- What is required: Repeat the entries below exactly. Drop the pictures.

[Caption-style text data]
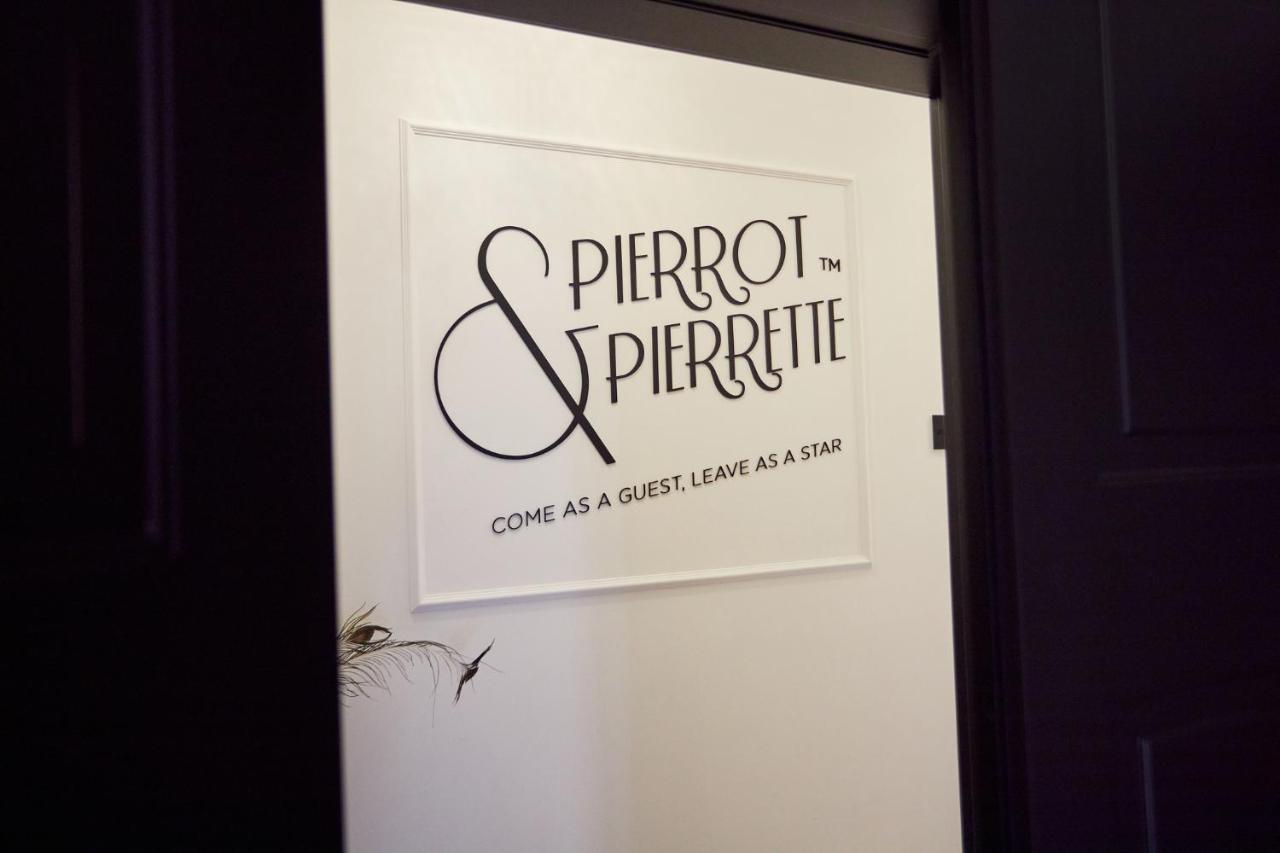 Pierrot & Pierrette Gajeva 6 Apartment Zagreb Bagian luar foto
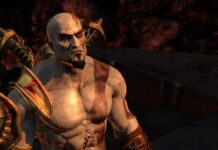 God of War Remastered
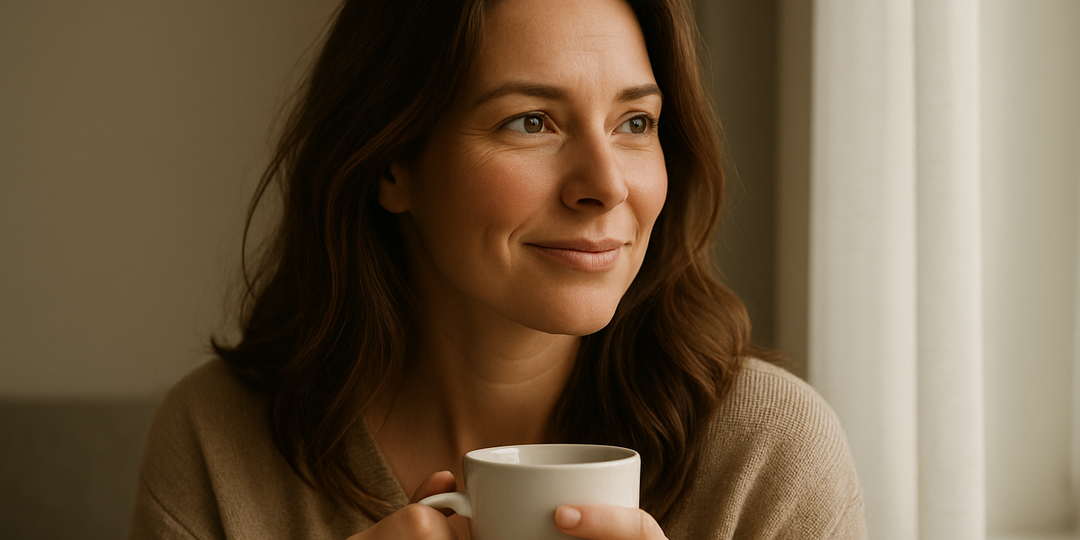 «Ты изменилась». — «Да, наконец-то»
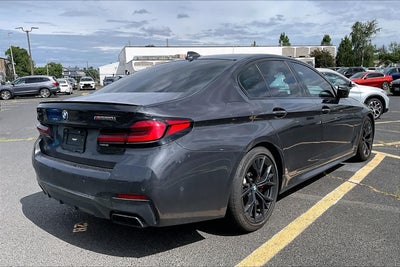 2023 BMW M550i M550i xDrive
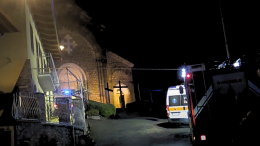 Fuga di gas durante la messa di Pasqua: 50 fedeli intossicati, panico in Canavese 
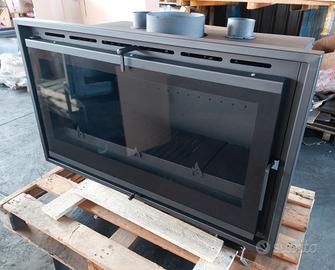 inserto camino uniflam eco 100 - P-5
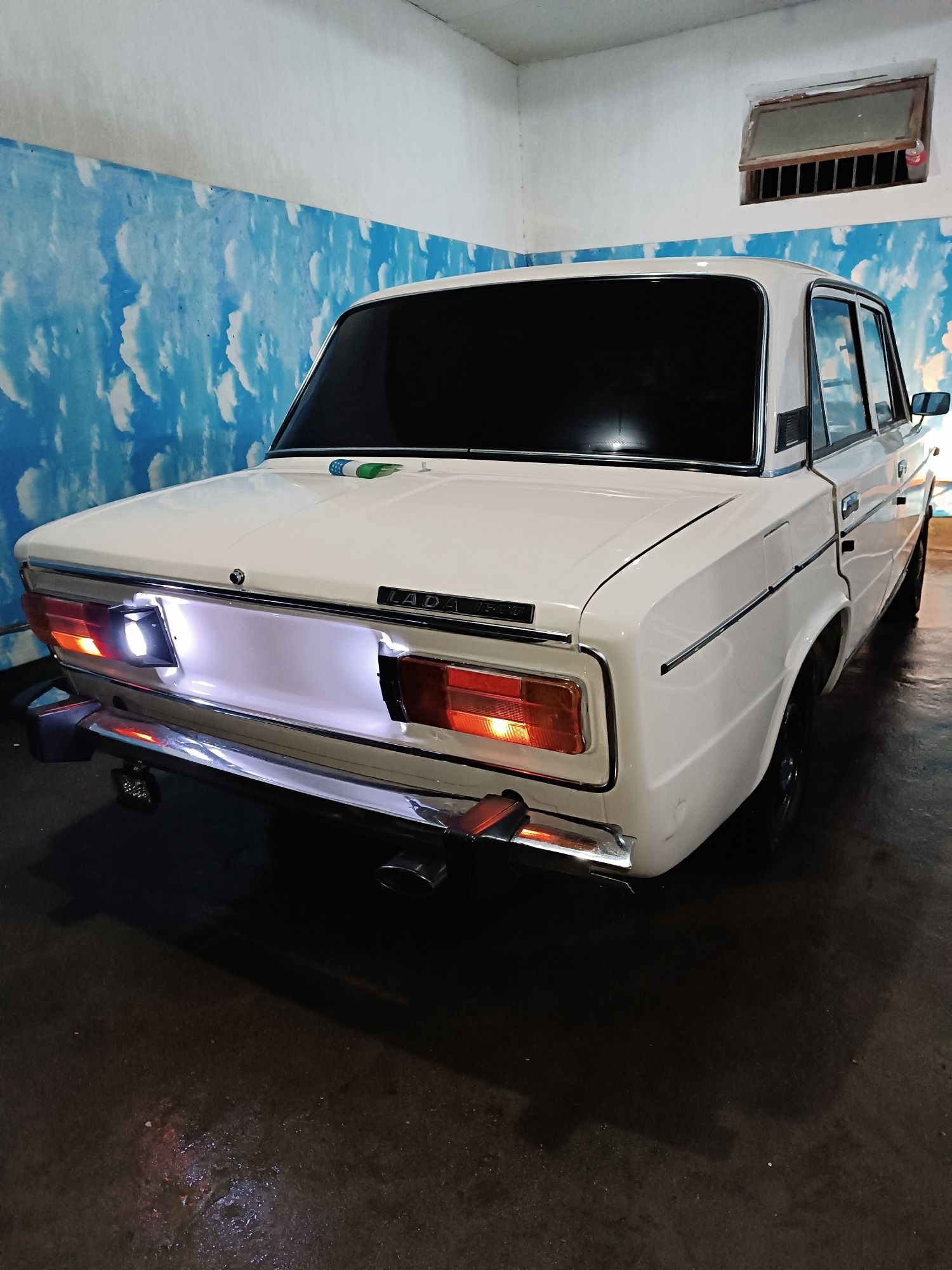 Vaz 2106 moshin nuldan taxlangan faqat minish kerak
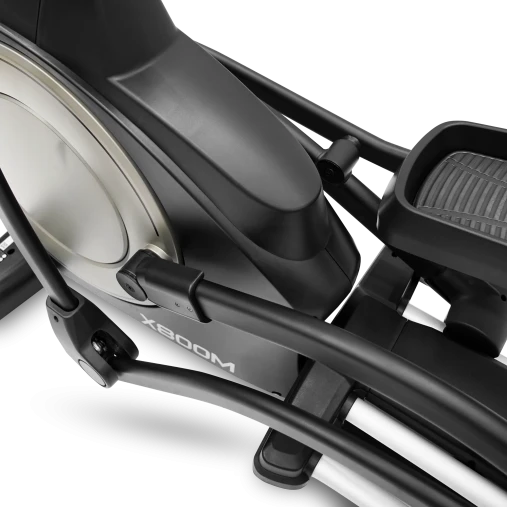 Профессиональный эллиптический тренажер BRONZE GYM X800M с автонаклоном профессиональный Профессиональный эллиптический тренажер BRONZE GYM X800M с автонаклоном профессиональный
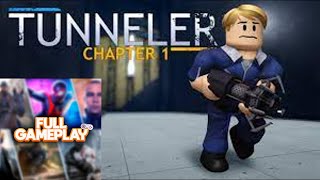 ROBLOXTUNNELER FULL GAMEPLAYTÜRKÇE [upl. by Hoffman]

- Reply:
 Pierrot & Pierrette Gajeva 6 Apartment Zagreb Bagian luar foto
 God of War Remastered
 «Ты изменилась». — «Да, наконец-то»
 2023 BMW M550i M550i xDrive
 Fuga di gas durante la messa di Pasqua: 50 fedeli intossicati, panico in Canavese 
 inserto camino uniflam eco 100 - P-5
 Vaz 2106 moshin nuldan taxlangan faqat minish kerak
 Профессиональный эллиптический тренажер BRONZE GYM X800M с автонаклоном профессиональный Профессиональный эллиптический тренажер BRONZE GYM X800M с автонаклоном профессиональный
 ROBLOXTUNNELER FULL GAMEPLAYTÜRKÇE [upl. by Hoffman]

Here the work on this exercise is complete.